John Phillips, parlava ad un incontro sulle relazioni transatlantiche organizzato a Roma all’istituto di studi americani. “Il No al referendum sulla riforma costituzionale sarebbe un passo indietro per gli investimenti stranieri in Italia”.
Concesso a tutti noi che “Il referendum è una decisione italiana”, ci ha spiegato anche che il voto sulle riforme costituzionali, “offre una speranza sulla stabilità di governo per attrarre gli investitori che stanno osservando quanto avviene in Italia”. Quasi una minaccia di catastrofe economica e neppure troppo velata.
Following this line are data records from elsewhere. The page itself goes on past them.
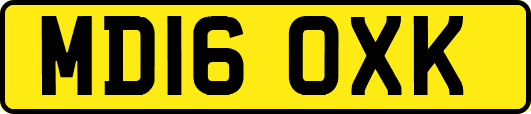 MD16OXK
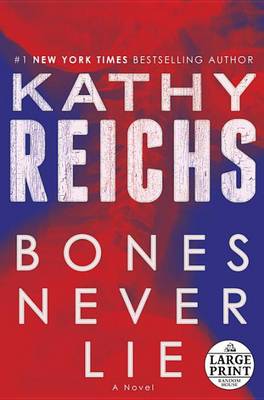 Book cover for Bones Never Lie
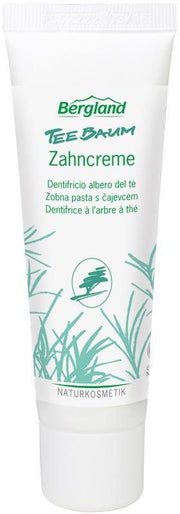 Bergland Teebaum Zahncreme (50ml)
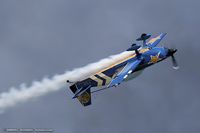 N102JK @ KOSH - Extra EA-300/L  C/N 1250, N102JK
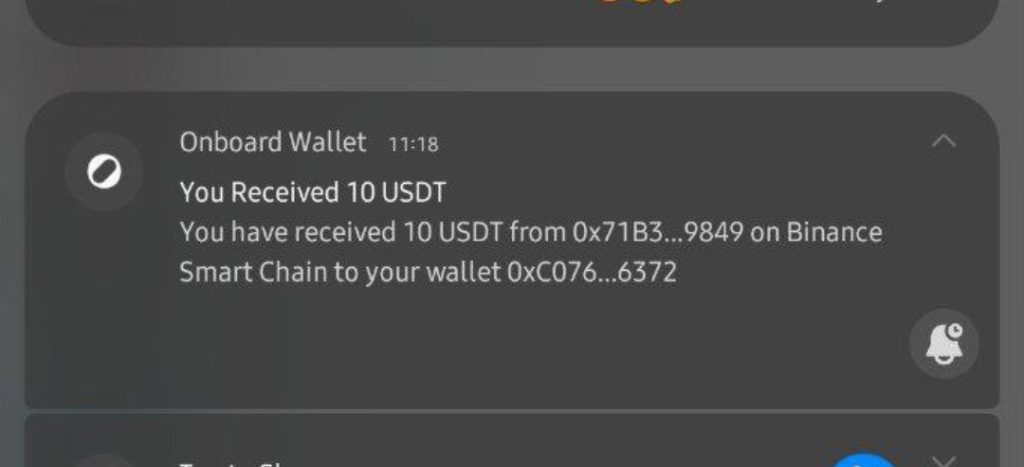 About Onboard Wallet Refer and earn promo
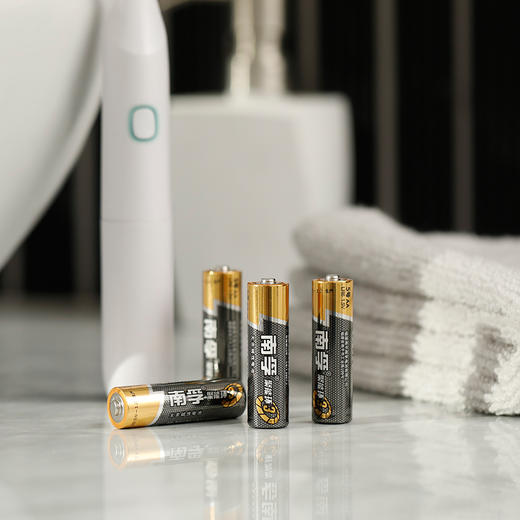 【仅供集采】南孚5号/7号电池 6节/板 商品图0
Vota Antonio, vota Antonio, Vota Antonio
Come Totò, soltanto che il consiglio non richiesto dell’ambasciatore di un Paese in bilico tra campioni come una Hillary o Trump, fa saltare la mosca al naso a mezza Italia non solo politica.
Da destra a sinistra, per ciò che ne rimane, un ‘Vaffa’ grillino all’improvvido ambasciatore che da adesso in avanti, in Italia, porterà pena.
Tanto che persino il pacioso Bersani sbotta: “Da non credere, per chi ci prendono?”.
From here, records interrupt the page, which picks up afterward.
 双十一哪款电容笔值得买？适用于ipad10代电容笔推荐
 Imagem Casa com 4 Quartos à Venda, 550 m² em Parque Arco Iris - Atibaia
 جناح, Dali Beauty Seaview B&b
Più che ‘per chi ci prendono’, è il ‘come ci prendono’. Ci prendono per la gola, per le tasche, o almeno ci provano.
Mr Phillips arriva buon ultimo dopo Economist, Financial Times, Wsj, il mantra della finanza internazionale che ci spiega come votare, votare Sì, per non essere lasciati al nostro declinante destino.
Peggio il responsabile rating sovrani per Europa e Medio Oriente di Fitch, Edward Parker, da Londra. “Se prevalesse il No, lo vedremmo come uno shock negativo per l’economia e il merito di credito italiano”. Avvertimenti, più che consigli.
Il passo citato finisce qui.